**Exercise goal**
Beginning with the line that holds "洛竹儿童复原战国袍2026春秋新款 中国风交叉领直裾袍交领女童汉服", retype the rest of the listing exactly, last line included.

**Provided material**
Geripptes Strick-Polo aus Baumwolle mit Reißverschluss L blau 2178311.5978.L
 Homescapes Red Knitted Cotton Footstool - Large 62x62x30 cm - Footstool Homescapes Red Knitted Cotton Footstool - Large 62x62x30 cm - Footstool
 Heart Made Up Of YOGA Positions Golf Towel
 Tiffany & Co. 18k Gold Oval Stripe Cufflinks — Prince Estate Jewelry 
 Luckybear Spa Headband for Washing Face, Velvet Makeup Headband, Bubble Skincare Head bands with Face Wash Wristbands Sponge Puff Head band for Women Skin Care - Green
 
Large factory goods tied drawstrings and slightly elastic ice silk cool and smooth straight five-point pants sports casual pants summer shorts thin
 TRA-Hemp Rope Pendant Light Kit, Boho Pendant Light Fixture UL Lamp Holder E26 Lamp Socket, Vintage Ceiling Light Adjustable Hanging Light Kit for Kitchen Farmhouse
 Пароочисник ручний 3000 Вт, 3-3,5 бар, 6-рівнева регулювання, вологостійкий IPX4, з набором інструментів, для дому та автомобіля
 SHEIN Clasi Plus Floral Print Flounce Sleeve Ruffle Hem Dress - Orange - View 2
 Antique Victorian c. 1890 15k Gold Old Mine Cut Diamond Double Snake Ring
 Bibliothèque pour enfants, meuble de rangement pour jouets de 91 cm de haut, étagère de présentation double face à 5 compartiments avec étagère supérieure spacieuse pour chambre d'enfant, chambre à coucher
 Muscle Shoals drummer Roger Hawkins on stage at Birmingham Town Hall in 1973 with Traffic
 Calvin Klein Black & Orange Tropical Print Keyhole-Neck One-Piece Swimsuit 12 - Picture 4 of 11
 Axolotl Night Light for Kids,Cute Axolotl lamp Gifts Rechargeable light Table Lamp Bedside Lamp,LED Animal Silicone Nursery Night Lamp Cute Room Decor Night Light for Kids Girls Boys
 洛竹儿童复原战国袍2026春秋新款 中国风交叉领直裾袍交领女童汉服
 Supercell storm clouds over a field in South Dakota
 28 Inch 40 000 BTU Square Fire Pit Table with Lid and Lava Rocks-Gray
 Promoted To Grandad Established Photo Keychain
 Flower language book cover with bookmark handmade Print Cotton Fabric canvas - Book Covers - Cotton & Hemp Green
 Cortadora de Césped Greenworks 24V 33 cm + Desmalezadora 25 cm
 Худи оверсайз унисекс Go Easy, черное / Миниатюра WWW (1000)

**Written response**
 洛竹儿童复原战国袍2026春秋新款 中国风交叉领直裾袍交领女童汉服
 Supercell storm clouds over a field in South Dakota
 28 Inch 40 000 BTU Square Fire Pit Table with Lid and Lava Rocks-Gray
 Promoted To Grandad Established Photo Keychain
 Flower language book cover with bookmark handmade Print Cotton Fabric canvas - Book Covers - Cotton & Hemp Green
 Cortadora de Césped Greenworks 24V 33 cm + Desmalezadora 25 cm
 Худи оверсайз унисекс Go Easy, черное / Миниатюра WWW (1000)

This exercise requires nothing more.